In Tacloban drohen Seuchen

3000 Menschen versuchten in der zerstörten philippinischen Stadt die Rollbahn zu stürmen

  • Daniel Kestenholz, Bangkok
  • Lesedauer: 3 Min.
Für die Taifun-Opfer auf den Philippinen werden nach UNO-Schätzungen für erste Nothilfe 225 Millionen Euro benötigt. Die Regierung verstärkte nach Plünderungen die Sicherheitsvorkehrungen.

Ohne Atemschutz, sei es nur ein feuchtes Tuch vor Mund und Nase, ist Tacloban, das Epizentrum der Zerstörungen von Taifun »Haiyan«, noch unerträglicher. Inzwischen haben Männer mit blauen Overalls begonnen, die behelfsmäßig in Decken und Tücher gewickelten Leichen einzusammeln. Noch fünf Tage nach den Zerstörungen durch den Monstersturm liegen Tote herum. Jemand hat eine eingepackte Leiche auf die Sitzbank einer Bushaltestelle gelegt. Andere Tote liegen bunt eingehüllt entlang der Straßen. Fahr- und Motorradfahrer halten sich ein Tuch vor Mund und Nase.

Werden die Leichname nicht eilends eingesammelt, drohen der vom Monstertaifun und einer Flutwelle fast komplett zerstörten Stadt noch Seuchen. Hilfe für die Überlebenden komme zuerst, sagen die Behörden.
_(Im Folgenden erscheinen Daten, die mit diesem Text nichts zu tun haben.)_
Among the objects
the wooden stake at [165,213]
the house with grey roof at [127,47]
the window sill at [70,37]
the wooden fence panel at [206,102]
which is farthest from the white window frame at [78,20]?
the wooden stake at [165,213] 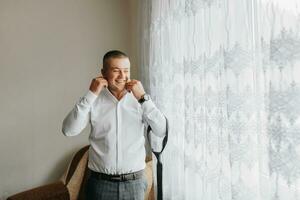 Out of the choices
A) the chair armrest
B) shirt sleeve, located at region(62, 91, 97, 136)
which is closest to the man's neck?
shirt sleeve, located at region(62, 91, 97, 136)

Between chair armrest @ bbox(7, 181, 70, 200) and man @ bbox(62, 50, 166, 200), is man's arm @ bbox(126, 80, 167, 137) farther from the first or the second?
chair armrest @ bbox(7, 181, 70, 200)

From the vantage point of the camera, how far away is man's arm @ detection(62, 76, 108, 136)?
4.23 feet

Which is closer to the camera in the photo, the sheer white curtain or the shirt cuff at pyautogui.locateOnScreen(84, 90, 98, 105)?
the sheer white curtain

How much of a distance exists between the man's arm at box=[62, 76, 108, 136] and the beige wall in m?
1.11

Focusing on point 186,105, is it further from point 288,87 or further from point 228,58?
point 288,87

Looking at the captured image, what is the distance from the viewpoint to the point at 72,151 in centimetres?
242

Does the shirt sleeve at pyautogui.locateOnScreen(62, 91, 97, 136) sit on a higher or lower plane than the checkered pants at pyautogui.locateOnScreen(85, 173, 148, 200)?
higher

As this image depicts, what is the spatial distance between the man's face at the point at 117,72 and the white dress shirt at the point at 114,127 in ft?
0.24

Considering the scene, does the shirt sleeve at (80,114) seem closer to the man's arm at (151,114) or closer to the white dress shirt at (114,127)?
the white dress shirt at (114,127)

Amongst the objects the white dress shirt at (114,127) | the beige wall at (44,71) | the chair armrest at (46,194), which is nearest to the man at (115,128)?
the white dress shirt at (114,127)

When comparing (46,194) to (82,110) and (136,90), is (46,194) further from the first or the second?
(136,90)

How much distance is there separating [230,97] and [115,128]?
21.1 inches

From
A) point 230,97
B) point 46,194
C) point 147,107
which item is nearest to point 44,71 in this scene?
point 46,194

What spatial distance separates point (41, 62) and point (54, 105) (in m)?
0.36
Es gebe keine Leichensäcke und keinen Strom, um die Toten zu kühlen.

Die offizielle Opferzahl lag am Dienstag bei 1744. Die Vereinten Nationen rechnen mit 10 000 Toten allein in Tacoblan. Die bereits eingesammelten werden in einer notdürftigen Leichenhalle zu identifizieren versucht und anschließend in ein Massengrab gelegt.

Derweil hat aus der Stadt ein großer Exodus eingesetzt. Viele Menschen tragen in einem Koffer oder auf den Schultern, was sie retten konnten, und ziehen zum Flughafen oder nehmen eine der Straßen in die Provinz, um ein Dach über dem Kopf und Essen zu finden. Während das Landesinnere von der Flutwelle verschont blieb, sind die Sturmschäden auf dem Land nicht weniger dramatisch. Neben Häusern und Dörfern wurden riesige Anbauflächen von Reis und Zuckerrohr zerstört. Menschen halten an den Straßen Schilder mit Hilferufen hoch. Viele hungern.
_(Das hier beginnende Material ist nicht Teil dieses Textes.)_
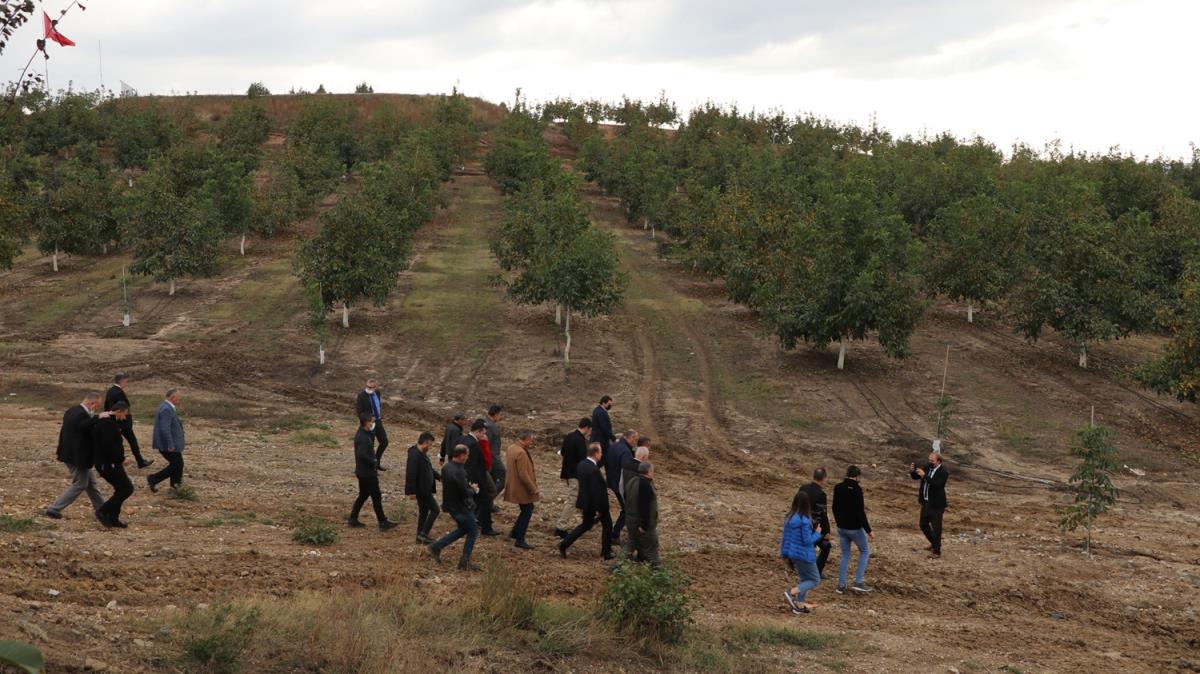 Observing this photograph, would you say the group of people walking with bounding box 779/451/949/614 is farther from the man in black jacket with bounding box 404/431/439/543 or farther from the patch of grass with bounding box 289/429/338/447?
the patch of grass with bounding box 289/429/338/447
Am dramatischsten indes scheint die Lage am Flughafen von Tacloban. Nach Tagen der Qualen und Ungewissheit versuchten am Dienstag 3000 Menschen die Rollbahn zu stürmen. Sie liefern sich heftige Szenen, um einen Platz an Bord der Maschinen zu erhalten, die von Sonnenaufgang bis Anbruch der Nacht Hilfsgüter ein- und Flüchtlinge ausfliegen. Sicherheitskräfte umstellten die im strömendem Regen ausharrende Menge. Die Polizei hatte dazu alle Hände voll zu tun mit der Durchsetzung der nächtlichen Ausgangssperre und Straßenkontrollen, um gegen Banden und Plünderer vorzugehen.

Unter den Flüchtlingen beim Flughafen sind Mütter, die Babys in die Höhe halten - in der Hoffnung, vorgelassen werden. Kranke wollen ausreisen, denen die Medikamente ausgegangen sind, und Menschen, die ihre Familien verloren haben und bei Verwandten irgendwo im Rest des Landes unterkommen wollen.
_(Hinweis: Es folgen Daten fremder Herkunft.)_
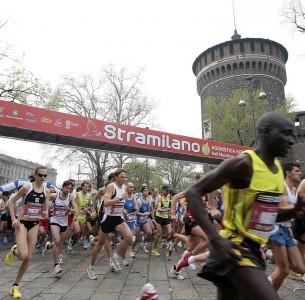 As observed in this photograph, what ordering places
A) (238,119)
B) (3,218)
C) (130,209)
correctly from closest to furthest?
(130,209) < (3,218) < (238,119)

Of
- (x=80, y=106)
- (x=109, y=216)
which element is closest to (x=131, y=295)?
(x=109, y=216)

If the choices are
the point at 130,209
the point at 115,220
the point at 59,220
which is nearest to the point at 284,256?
the point at 115,220

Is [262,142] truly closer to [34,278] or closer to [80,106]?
[34,278]

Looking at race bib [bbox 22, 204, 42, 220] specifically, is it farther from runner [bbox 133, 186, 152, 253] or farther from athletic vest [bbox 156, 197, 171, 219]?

US-Marines sind bemüht, beim Flughafen mit Stromgeneratoren die für Zivilluftfahrt erforderlichen Funk- und Lichtanlagen instand zu setzen, um die rundum verwüstete Inselprovinz Leyte möglichst schnell wieder an die Außenwelt anzuschließen. Die Hilfswelle rollt langsam an, doch erschwerte am Dienstag ein neues Sturmtief die Hilfsbemühungen. Ausläufer streiften die von »Haiyan« am schwersten betroffene Inselprovinz Leyte südlich.

In improvisierten Feldlazaretten werden Verletzte versorgt. C-130 Hercules-Transporter bringen Seife, Windeln, Medizin und Wassertanks nach Tacloban - alles, was seit »Haiyans« Zerstörungen Luxus ist. Da das Straßennetz flächendeckend havariert ist, verteilen Hubschrauber Hilfsgüter in unzugänglichen Gebieten.